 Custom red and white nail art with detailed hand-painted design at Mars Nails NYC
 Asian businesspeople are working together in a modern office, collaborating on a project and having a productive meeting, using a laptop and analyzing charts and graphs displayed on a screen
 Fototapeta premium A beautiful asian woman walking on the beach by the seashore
==
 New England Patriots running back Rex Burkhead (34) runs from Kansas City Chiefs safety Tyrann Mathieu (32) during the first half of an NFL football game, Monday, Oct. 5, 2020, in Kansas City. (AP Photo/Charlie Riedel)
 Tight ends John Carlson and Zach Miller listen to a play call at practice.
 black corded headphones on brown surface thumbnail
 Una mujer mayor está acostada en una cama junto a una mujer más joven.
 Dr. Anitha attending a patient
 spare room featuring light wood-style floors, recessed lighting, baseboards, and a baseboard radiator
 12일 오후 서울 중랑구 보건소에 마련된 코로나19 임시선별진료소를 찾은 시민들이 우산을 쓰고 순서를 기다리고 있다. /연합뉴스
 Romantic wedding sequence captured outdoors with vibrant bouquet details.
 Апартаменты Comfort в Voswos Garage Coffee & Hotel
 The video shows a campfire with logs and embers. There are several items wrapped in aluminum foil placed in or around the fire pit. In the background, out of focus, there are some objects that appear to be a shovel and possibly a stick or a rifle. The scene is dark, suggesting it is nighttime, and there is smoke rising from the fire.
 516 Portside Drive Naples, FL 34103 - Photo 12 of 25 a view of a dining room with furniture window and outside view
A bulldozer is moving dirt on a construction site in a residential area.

[DIRECTIONS]:
Only one part of the material above is to be transcribed, namely the lines starting with the line that has "black corded headphones" and going on through the line that has "Апартаменты Comfort в", exactly as they stand.

[RESPONSE AREA]:
 black corded headphones on brown surface thumbnail
 Una mujer mayor está acostada en una cama junto a una mujer más joven.
 Dr. Anitha attending a patient
 spare room featuring light wood-style floors, recessed lighting, baseboards, and a baseboard radiator
 12일 오후 서울 중랑구 보건소에 마련된 코로나19 임시선별진료소를 찾은 시민들이 우산을 쓰고 순서를 기다리고 있다. /연합뉴스
 Romantic wedding sequence captured outdoors with vibrant bouquet details.
 Апартаменты Comfort в Voswos Garage Coffee & Hotel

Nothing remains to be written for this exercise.